Prompt. Reproduce every entry exactly as shown.

Records shown.
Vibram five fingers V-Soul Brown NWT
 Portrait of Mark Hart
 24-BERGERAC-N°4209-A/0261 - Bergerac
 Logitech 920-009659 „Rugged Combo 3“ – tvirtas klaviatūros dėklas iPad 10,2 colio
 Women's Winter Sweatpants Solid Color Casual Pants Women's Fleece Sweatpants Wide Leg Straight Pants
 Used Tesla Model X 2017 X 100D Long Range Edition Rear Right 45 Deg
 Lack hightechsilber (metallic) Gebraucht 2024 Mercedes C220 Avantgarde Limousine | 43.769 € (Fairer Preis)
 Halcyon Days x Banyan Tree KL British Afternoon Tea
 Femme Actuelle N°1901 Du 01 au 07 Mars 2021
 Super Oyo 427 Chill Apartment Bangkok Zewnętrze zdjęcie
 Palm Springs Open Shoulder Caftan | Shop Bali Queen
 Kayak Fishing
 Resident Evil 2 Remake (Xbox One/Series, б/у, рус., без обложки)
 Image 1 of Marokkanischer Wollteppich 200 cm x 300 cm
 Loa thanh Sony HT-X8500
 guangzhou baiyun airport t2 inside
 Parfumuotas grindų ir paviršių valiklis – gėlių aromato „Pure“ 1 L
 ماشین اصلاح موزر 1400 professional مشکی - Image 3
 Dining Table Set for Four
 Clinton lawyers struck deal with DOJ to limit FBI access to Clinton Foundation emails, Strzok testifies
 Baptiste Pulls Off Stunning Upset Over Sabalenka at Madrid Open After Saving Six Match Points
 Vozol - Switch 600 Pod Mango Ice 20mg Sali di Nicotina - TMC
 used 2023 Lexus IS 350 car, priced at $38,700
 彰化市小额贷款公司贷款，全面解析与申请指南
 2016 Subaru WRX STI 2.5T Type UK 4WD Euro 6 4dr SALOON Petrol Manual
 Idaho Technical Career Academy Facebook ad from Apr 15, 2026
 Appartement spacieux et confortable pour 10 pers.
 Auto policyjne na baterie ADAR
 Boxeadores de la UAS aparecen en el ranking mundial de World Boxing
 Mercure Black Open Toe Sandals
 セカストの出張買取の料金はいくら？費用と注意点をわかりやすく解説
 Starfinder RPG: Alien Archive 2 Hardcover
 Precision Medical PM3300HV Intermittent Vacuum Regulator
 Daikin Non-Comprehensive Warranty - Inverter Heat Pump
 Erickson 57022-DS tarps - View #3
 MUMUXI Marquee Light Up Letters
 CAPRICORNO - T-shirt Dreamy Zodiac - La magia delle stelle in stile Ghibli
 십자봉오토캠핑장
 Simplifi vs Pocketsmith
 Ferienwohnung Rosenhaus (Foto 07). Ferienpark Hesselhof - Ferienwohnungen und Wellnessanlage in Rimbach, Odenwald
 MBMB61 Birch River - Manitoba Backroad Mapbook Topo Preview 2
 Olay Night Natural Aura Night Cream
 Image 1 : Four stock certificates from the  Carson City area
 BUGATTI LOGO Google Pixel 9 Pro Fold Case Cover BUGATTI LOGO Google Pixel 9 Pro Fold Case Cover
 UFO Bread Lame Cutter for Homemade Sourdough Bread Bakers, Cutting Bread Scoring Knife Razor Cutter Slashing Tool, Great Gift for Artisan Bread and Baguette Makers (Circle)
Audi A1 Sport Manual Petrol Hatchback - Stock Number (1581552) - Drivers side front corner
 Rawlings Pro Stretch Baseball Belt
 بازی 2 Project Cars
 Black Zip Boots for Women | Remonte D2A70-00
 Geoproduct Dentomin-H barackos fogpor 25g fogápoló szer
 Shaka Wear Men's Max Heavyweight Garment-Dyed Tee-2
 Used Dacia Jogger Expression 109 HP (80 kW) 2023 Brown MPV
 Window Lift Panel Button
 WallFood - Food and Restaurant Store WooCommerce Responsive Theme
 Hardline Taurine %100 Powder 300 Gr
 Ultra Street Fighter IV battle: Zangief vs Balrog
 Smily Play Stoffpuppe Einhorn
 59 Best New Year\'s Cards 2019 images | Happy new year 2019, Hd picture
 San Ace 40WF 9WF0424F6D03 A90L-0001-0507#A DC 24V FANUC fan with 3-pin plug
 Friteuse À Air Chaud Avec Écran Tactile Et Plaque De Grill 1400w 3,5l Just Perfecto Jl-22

Solution to this problem.
Vibram five fingers V-Soul Brown NWT
 Portrait of Mark Hart
 24-BERGERAC-N°4209-A/0261 - Bergerac
 Logitech 920-009659 „Rugged Combo 3“ – tvirtas klaviatūros dėklas iPad 10,2 colio
 Women's Winter Sweatpants Solid Color Casual Pants Women's Fleece Sweatpants Wide Leg Straight Pants
 Used Tesla Model X 2017 X 100D Long Range Edition Rear Right 45 Deg
 Lack hightechsilber (metallic) Gebraucht 2024 Mercedes C220 Avantgarde Limousine | 43.769 € (Fairer Preis)
 Halcyon Days x Banyan Tree KL British Afternoon Tea
 Femme Actuelle N°1901 Du 01 au 07 Mars 2021
 Super Oyo 427 Chill Apartment Bangkok Zewnętrze zdjęcie
 Palm Springs Open Shoulder Caftan | Shop Bali Queen
 Kayak Fishing
 Resident Evil 2 Remake (Xbox One/Series, б/у, рус., без обложки)
 Image 1 of Marokkanischer Wollteppich 200 cm x 300 cm
 Loa thanh Sony HT-X8500
 guangzhou baiyun airport t2 inside
 Parfumuotas grindų ir paviršių valiklis – gėlių aromato „Pure“ 1 L
 ماشین اصلاح موزر 1400 professional مشکی - Image 3
 Dining Table Set for Four
 Clinton lawyers struck deal with DOJ to limit FBI access to Clinton Foundation emails, Strzok testifies
 Baptiste Pulls Off Stunning Upset Over Sabalenka at Madrid Open After Saving Six Match Points
 Vozol - Switch 600 Pod Mango Ice 20mg Sali di Nicotina - TMC
 used 2023 Lexus IS 350 car, priced at $38,700
 彰化市小额贷款公司贷款，全面解析与申请指南
 2016 Subaru WRX STI 2.5T Type UK 4WD Euro 6 4dr SALOON Petrol Manual
 Idaho Technical Career Academy Facebook ad from Apr 15, 2026
 Appartement spacieux et confortable pour 10 pers.
 Auto policyjne na baterie ADAR
 Boxeadores de la UAS aparecen en el ranking mundial de World Boxing
 Mercure Black Open Toe Sandals
 セカストの出張買取の料金はいくら？費用と注意点をわかりやすく解説
 Starfinder RPG: Alien Archive 2 Hardcover
 Precision Medical PM3300HV Intermittent Vacuum Regulator
 Daikin Non-Comprehensive Warranty - Inverter Heat Pump
 Erickson 57022-DS tarps - View #3
 MUMUXI Marquee Light Up Letters
 CAPRICORNO - T-shirt Dreamy Zodiac - La magia delle stelle in stile Ghibli
 십자봉오토캠핑장
 Simplifi vs Pocketsmith
 Ferienwohnung Rosenhaus (Foto 07). Ferienpark Hesselhof - Ferienwohnungen und Wellnessanlage in Rimbach, Odenwald
 MBMB61 Birch River - Manitoba Backroad Mapbook Topo Preview 2
 Olay Night Natural Aura Night Cream
 Image 1 : Four stock certificates from the  Carson City area
 BUGATTI LOGO Google Pixel 9 Pro Fold Case Cover BUGATTI LOGO Google Pixel 9 Pro Fold Case Cover
 UFO Bread Lame Cutter for Homemade Sourdough Bread Bakers, Cutting Bread Scoring Knife Razor Cutter Slashing Tool, Great Gift for Artisan Bread and Baguette Makers (Circle)
Audi A1 Sport Manual Petrol Hatchback - Stock Number (1581552) - Drivers side front corner
 Rawlings Pro Stretch Baseball Belt
 بازی 2 Project Cars
 Black Zip Boots for Women | Remonte D2A70-00
 Geoproduct Dentomin-H barackos fogpor 25g fogápoló szer
 Shaka Wear Men's Max Heavyweight Garment-Dyed Tee-2
 Used Dacia Jogger Expression 109 HP (80 kW) 2023 Brown MPV
 Window Lift Panel Button
 WallFood - Food and Restaurant Store WooCommerce Responsive Theme
 Hardline Taurine %100 Powder 300 Gr
 Ultra Street Fighter IV battle: Zangief vs Balrog
 Smily Play Stoffpuppe Einhorn
 59 Best New Year\'s Cards 2019 images | Happy new year 2019, Hd picture
 San Ace 40WF 9WF0424F6D03 A90L-0001-0507#A DC 24V FANUC fan with 3-pin plug
 Friteuse À Air Chaud Avec Écran Tactile Et Plaque De Grill 1400w 3,5l Just Perfecto Jl-22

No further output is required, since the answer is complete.